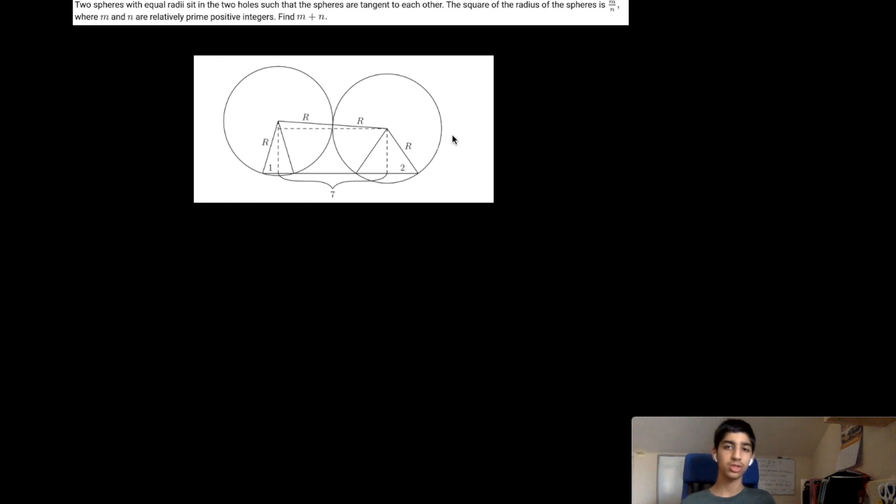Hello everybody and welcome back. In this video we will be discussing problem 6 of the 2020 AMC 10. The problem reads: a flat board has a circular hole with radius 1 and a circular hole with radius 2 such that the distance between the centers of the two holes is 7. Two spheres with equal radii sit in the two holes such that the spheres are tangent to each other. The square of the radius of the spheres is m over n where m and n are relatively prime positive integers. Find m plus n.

* * *

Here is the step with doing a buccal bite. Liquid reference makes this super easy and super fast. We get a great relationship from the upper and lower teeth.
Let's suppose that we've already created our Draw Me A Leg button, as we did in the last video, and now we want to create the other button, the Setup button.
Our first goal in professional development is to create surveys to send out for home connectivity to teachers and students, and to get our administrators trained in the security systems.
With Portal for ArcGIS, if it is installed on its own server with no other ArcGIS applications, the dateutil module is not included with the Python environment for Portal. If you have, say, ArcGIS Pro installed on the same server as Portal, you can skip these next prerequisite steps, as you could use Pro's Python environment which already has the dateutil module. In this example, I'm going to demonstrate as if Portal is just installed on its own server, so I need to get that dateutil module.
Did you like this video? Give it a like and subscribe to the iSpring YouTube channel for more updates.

--

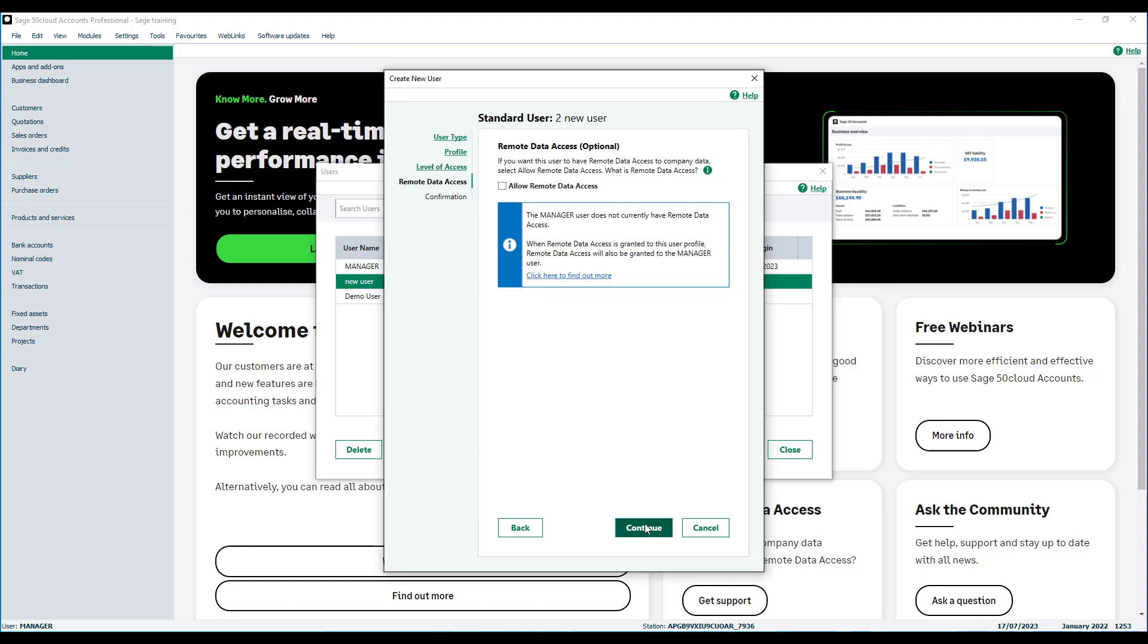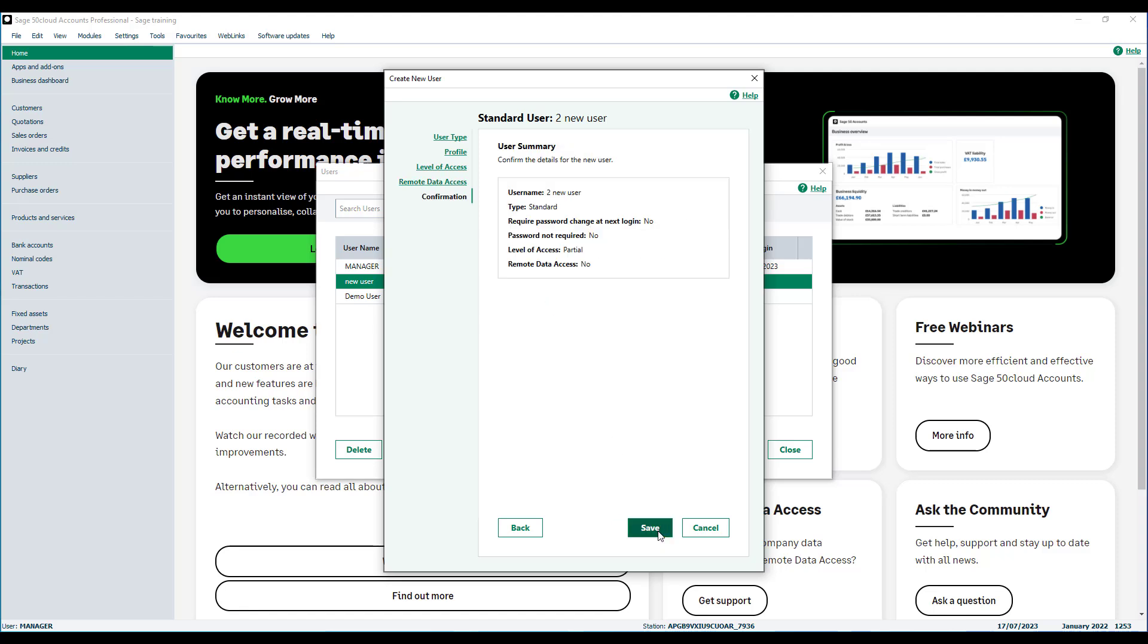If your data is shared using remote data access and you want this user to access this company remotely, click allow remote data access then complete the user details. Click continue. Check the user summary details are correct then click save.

Exercise requirements
The answer is to be a bare number, showing how many lines of the records contain "create".

Your solution
2